Antes de chegar a esta final conclusão reconciliadora, Rilke opõe os seres humanos aos animais. Os seres humanos, atormentados pela consciência da morte e da sua efemeridade, vivem no interior de um “mundo interpretado”, no qual nunca verdadeiramente se sentem em casa. Não há verdadeira unidade, tudo é separação. Nada no mundo humano é o que realmente é. Nem as crianças nem os amantes verdadeiramente escapam à lei da separação: também eles são, neste mundo, espectadores, separados do espectáculo que contemplam. Na Oitava Elegia aparecem os animais, cuja existência é imediata e não obscurecida pela separação que nos atormenta. Os animais vêem aquilo que misteriosamente Rilke chama o Aberto. O Aberto, conjectura-se, é aquilo que se dá imediata e plenamente, a própria existência que não se encontra fechada num casulo interpretativo. Só através do olhar dos animais nós temos acesso a esse algo não interpretado que é o sentido pleno da existência.
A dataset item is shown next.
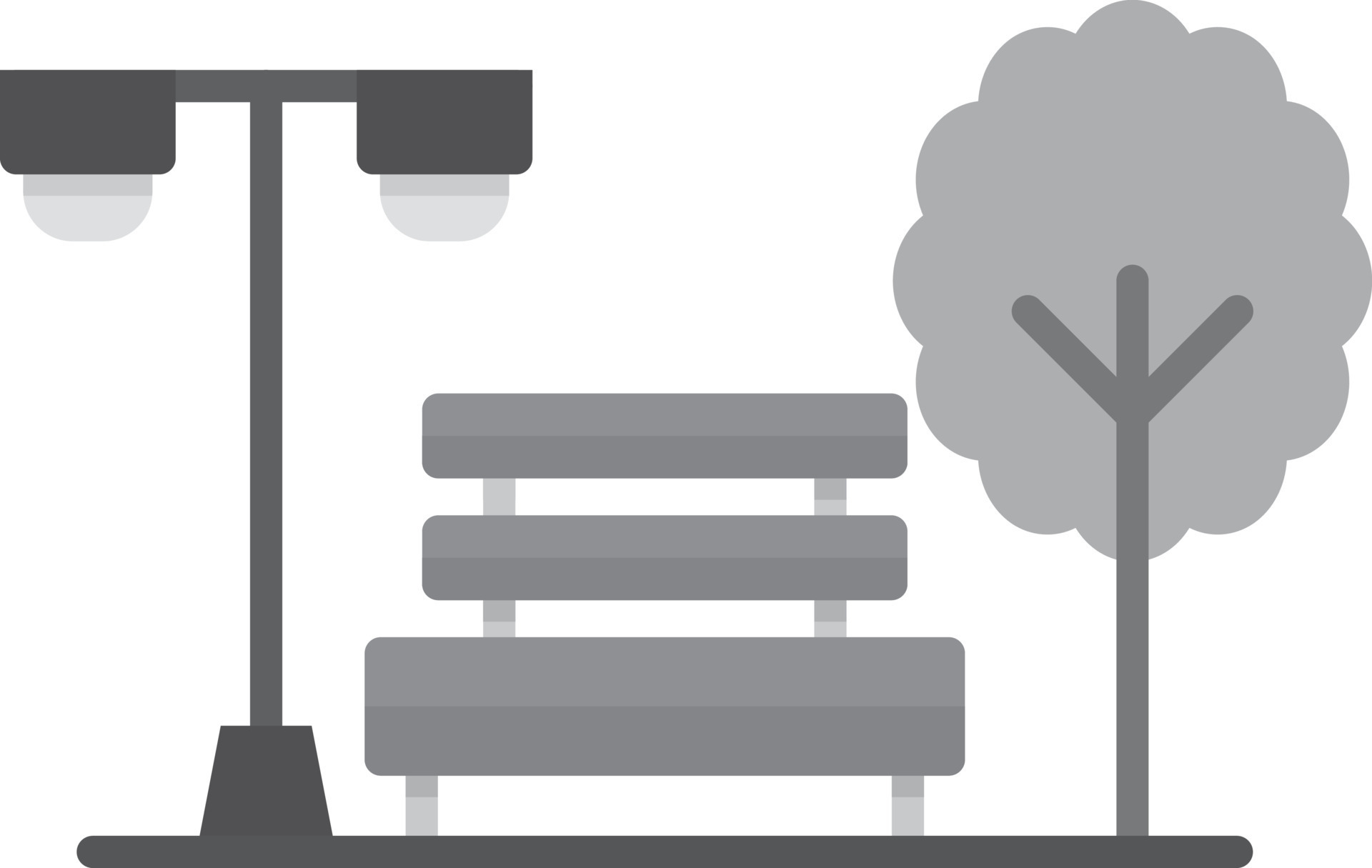 Park Flat Greyscale 9916834 Vector Art at Vecteezy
As Elegias acabam, como disse, com a descoberta da magnificência que é, para os seres humanos, existirem na terra. Portanto, por via indirecta, também eles finalmente têm acesso a algo próximo do Aberto que se ausculta no olhar dos animais. Mas permanece que é nos animais que encontramos esse olhar, que é o segredo da sua irredutível estranheza ao nosso mundo fechado. Francamente, apanho-me a pensar que é essa estranheza, que subsiste para lá de todas as afinidades, que, juntamente com a diversidade das formas e a abundância das cores, desperta em nós o maravilhamento com o mundo animal. Há ali uma existência pura que nos é, literalmente, inapropriável. Não sei se essa é a tal grande razão de que ando à procura para justificar a minha atracção pelos documentários sobre animais. Mas talvez ande mais perto do que o resto de uma explicação.

PS. Surpreende-me que ninguém, em toda esta conversa em torno da morte de Otelo Saraiva de Carvalho, tenha referido algo que é fundamental para perceber o mau e o péssimo que ele fez depois do 25 de Abril: a sua tontice. É um bom exemplo da regra geral que o fanatismo não é uma condição imprescindível para o mal e para o crime político. A tontice convenientemente fomentada basta. E, já agora, isso também explica que ele tenha saído de um longo período de ditos e de feitos mais que lamentáveis (estou a ser extraordinariamente delicado, se pensarmos nos muitos assassinatos das FP 25 de Abril), permanecendo, à sua desgraçada maneira, uma personagem não completamente antipática, como inevitavelmente aconteceria se fosse um fanático, como tantos havia, e há, por aí.